Supreme Court of Minnesota.
November 20, 1981.
*250 C. Paul Jones, Public Defender, and Mollie G. Raskind, Asst. Public Defender, Minneapolis, for appellant.
Warren Spannaus, Atty. Gen., St. Paul, Robert W. Johnson, County Atty., and Richard A. Trachy, Asst. County Atty., Anoka, for respondent.
Considered and decided by the court en banc without oral argument.

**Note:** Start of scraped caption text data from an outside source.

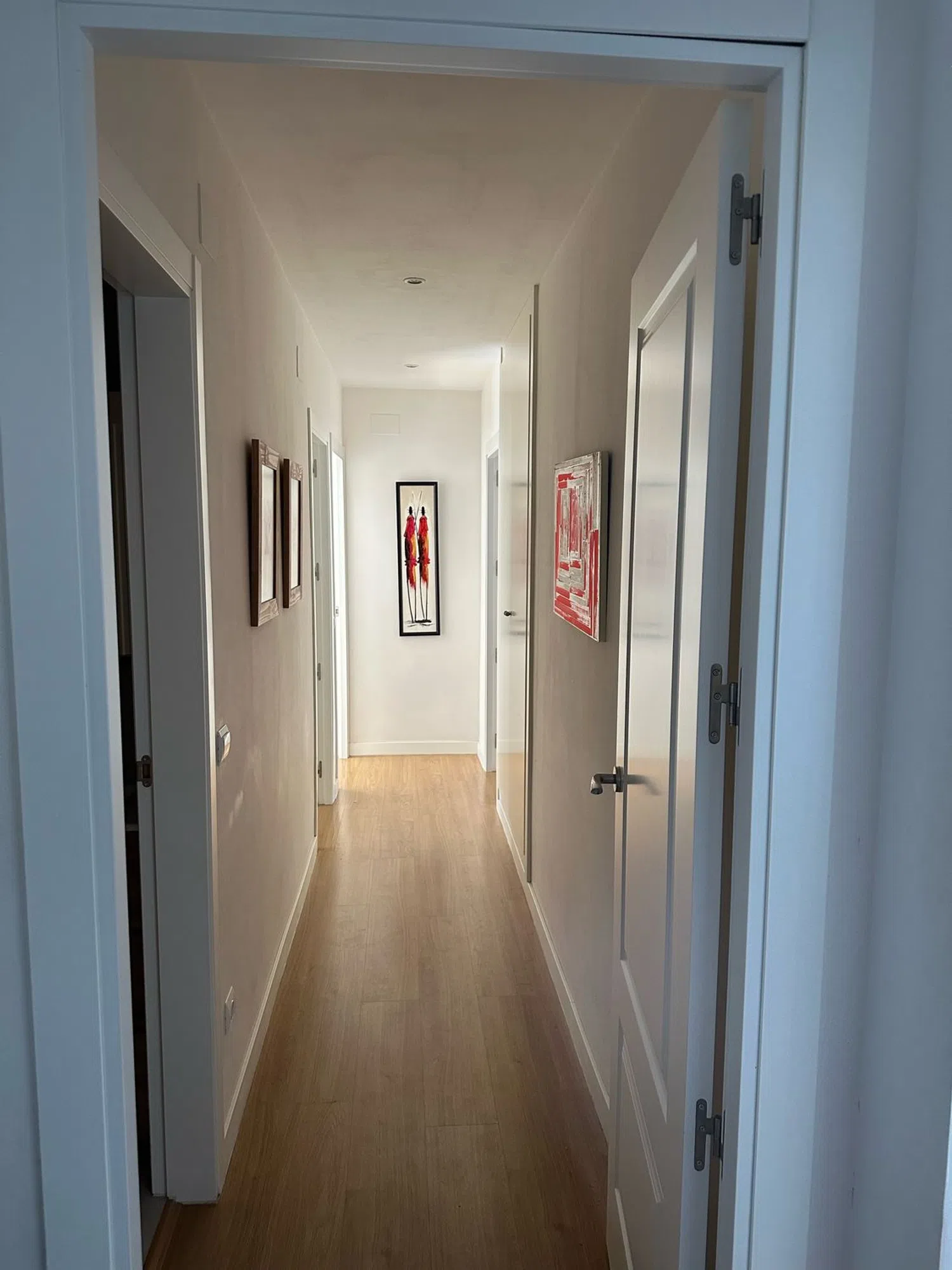 Piso en calle de la Infanta Mercedes, 61 - Foto 32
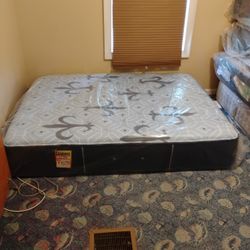 Queen Mattress 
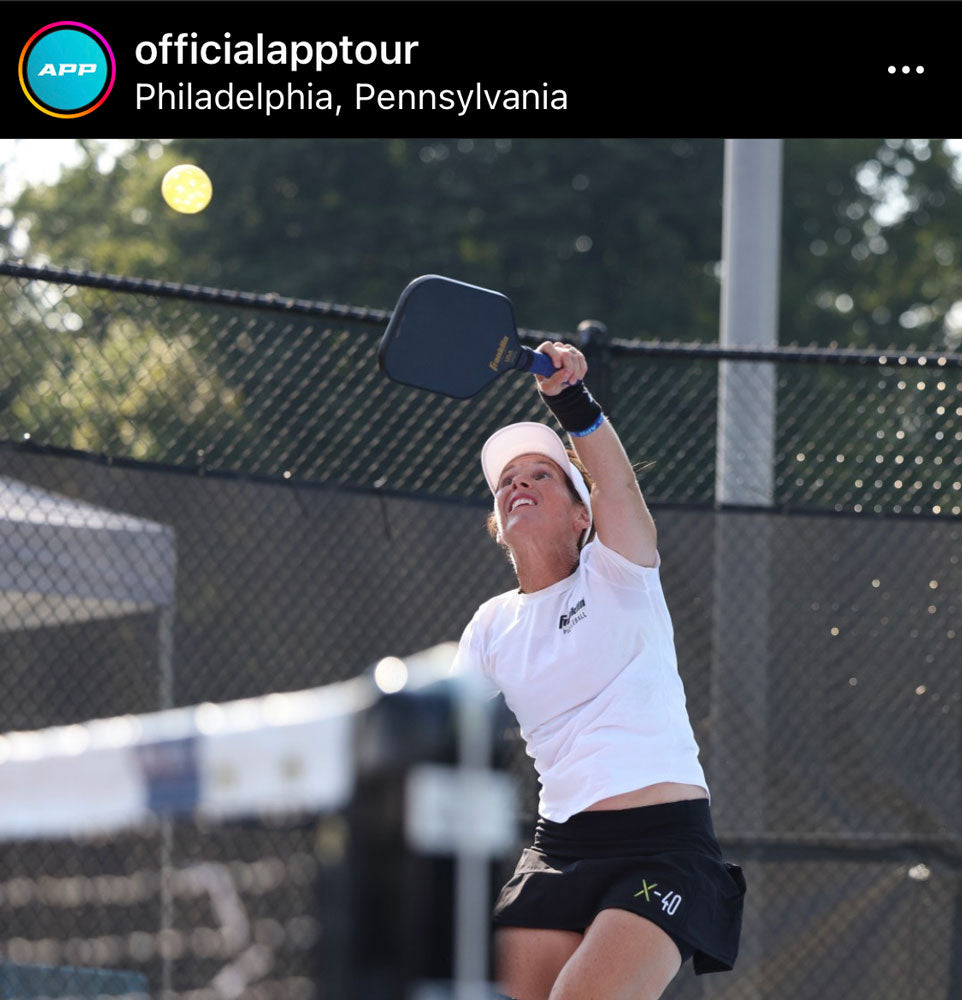 The APP Tour Features Pickleball Road Warriors | Pickler Pickleball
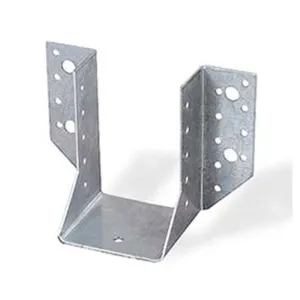 Giunto a staffa tipo A, ali esterne Misura (mm x mm): 60 X 100 mm.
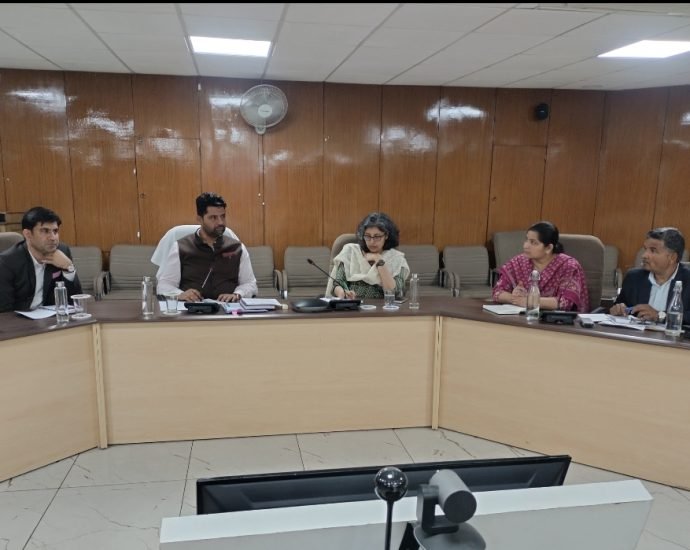 JAIPUR: प्रधानमंत्री किसान सम्मान निधि JAIPUR: प्रधानमंत्री किसान सम्मान निधि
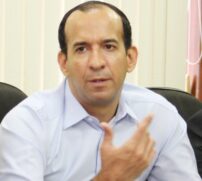 Enquete da rádio reprovou a Administração Paulo Alexandre Barbosa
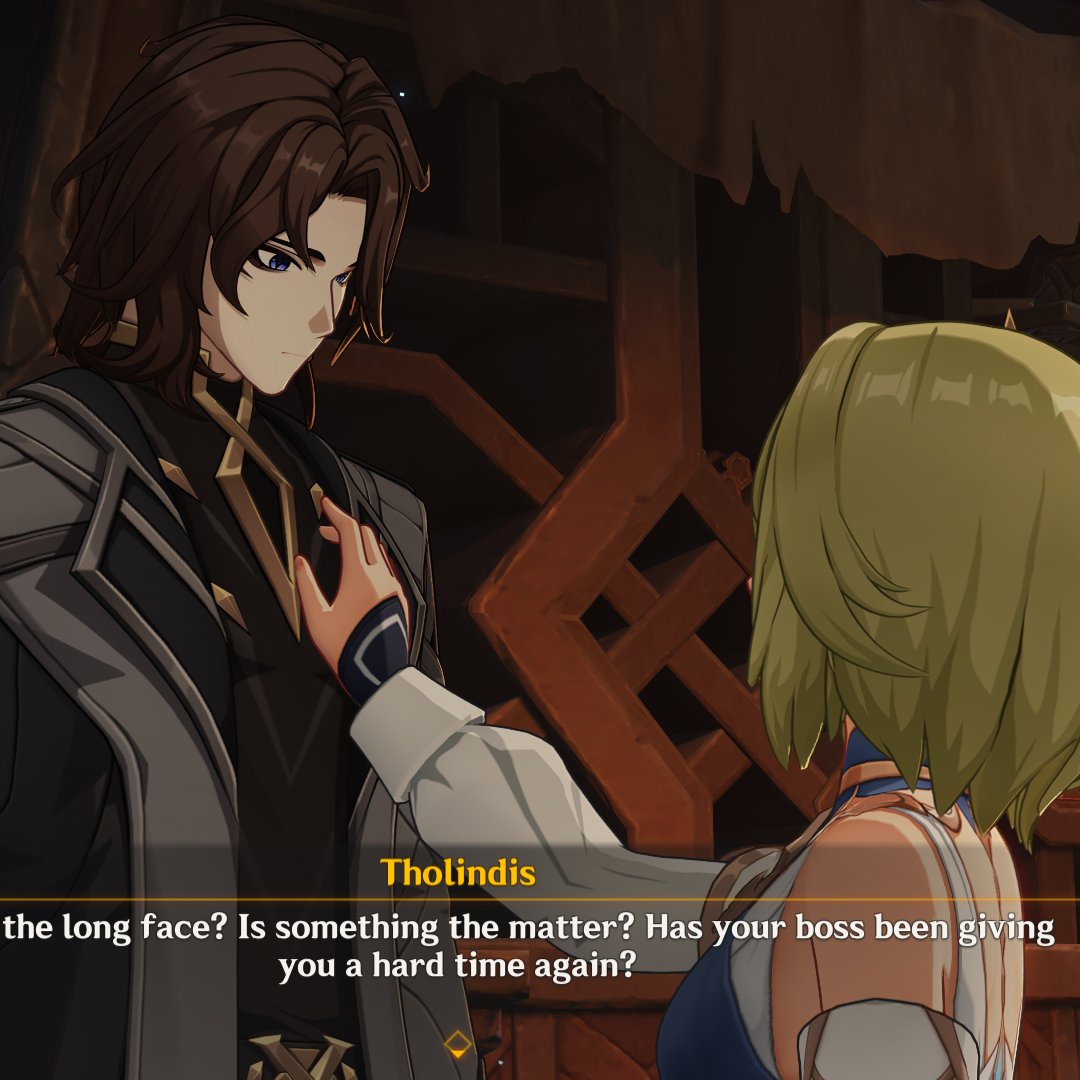 skirkreeyn's tweet photo. // Luna II archon quest spoilers
.
.
.
.
im so fucking sad bruh https://t.co/3mKDmtD2y8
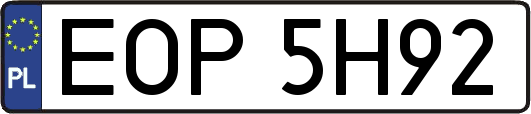 EOP5H92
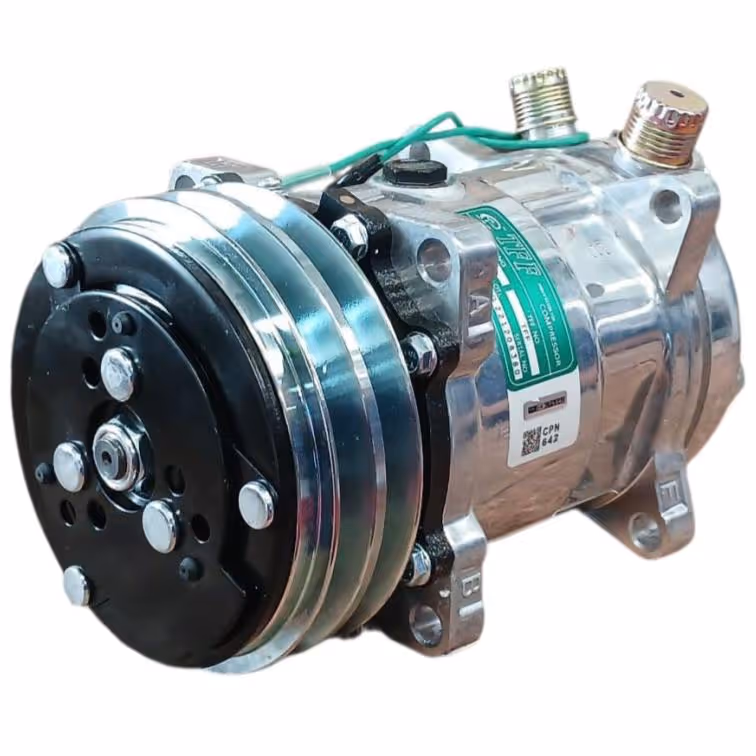 TFF Compresor 508 2A 24V TFF CP3015 Colombia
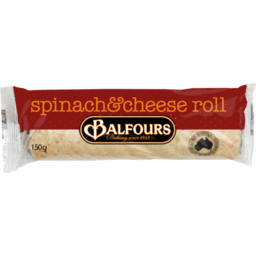 Photo of Balfours Spinach & Cheese Roll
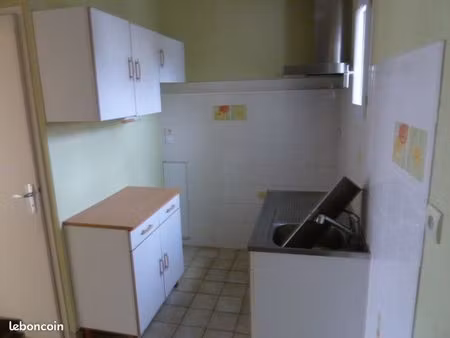 duplex 3 pièces 52 m²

Defendant was found guilty by a district court jury of four different charges kidnapping, two counts of criminal sexual conduct in the first degree, and one count of criminal sexual conduct in the third degree: Minn.Stat. §§ 609.25, subd. 1(2), 609.342(c, d), and 609.344(b) (1980) all arising from a single-behavioral incident occurring on February 12, 1980. The judge who presided at the trial died after the trial but before sentencing. A different judge, having familiarized himself with the facts, sentenced defendant to 43 months in prison for one count of criminal sexual conduct in the first degree, in violation of section 609.342(c). Although the Sentencing Guidelines are not applicable to prosecutions for crimes committed before May 1, 1980, the court imposed the presumptive sentence established for one with a zero criminal history score who commits an offense of this degree of seriousness. Defendant's appeal raises issues of sufficiency of the evidence and applicability of section 609.04, which bars multiple convictions for the same offense (or a greater offense and a lesser-included offense) on the basis of the same criminal act. The state argues that the evidence was sufficient and that the second issue is a hypothetical question because defendant was formally adjudicated guilty of only one offense, namely the one for which he was sentenced. We affirm.
We agree with the state that the evidence of defendant's guilt of the offense for which he was sentenced was sufficient. The state's evidence established that defendant offered a ride to a 15-year-old girl who had missed her school bus, then used a realistic-looking but inoperable model revolver to force her to submit to sexual penetration. The victim promptly complained to her mother and then to the police and provided police with the license number of defendant's car. The evidence established that defendant had the opportunity *251 to commit the crime and, after first claiming otherwise, he admitted he had picked up the girl. The jury was not required to believe his exculpatory version of the events, namely, that he had merely tried to scare the girl but really had not forced her to submit to sexual penetration.
The other issue raised by defendant, the applicability of section 609.04, is based on the supposition that defendant was actually convicted of four offenses. However, our examination of the record fails to establish that defendant was formally adjudicated guilty of any offense other than that for which he was sentenced. Accordingly, as in State v. Owens, 304 N.W.2d 916 (Minn. 1981), and State v. Terry, 295 N.W.2d 95 (Minn.1980), we conclude that the issue is a hypothetical question which we need not decide.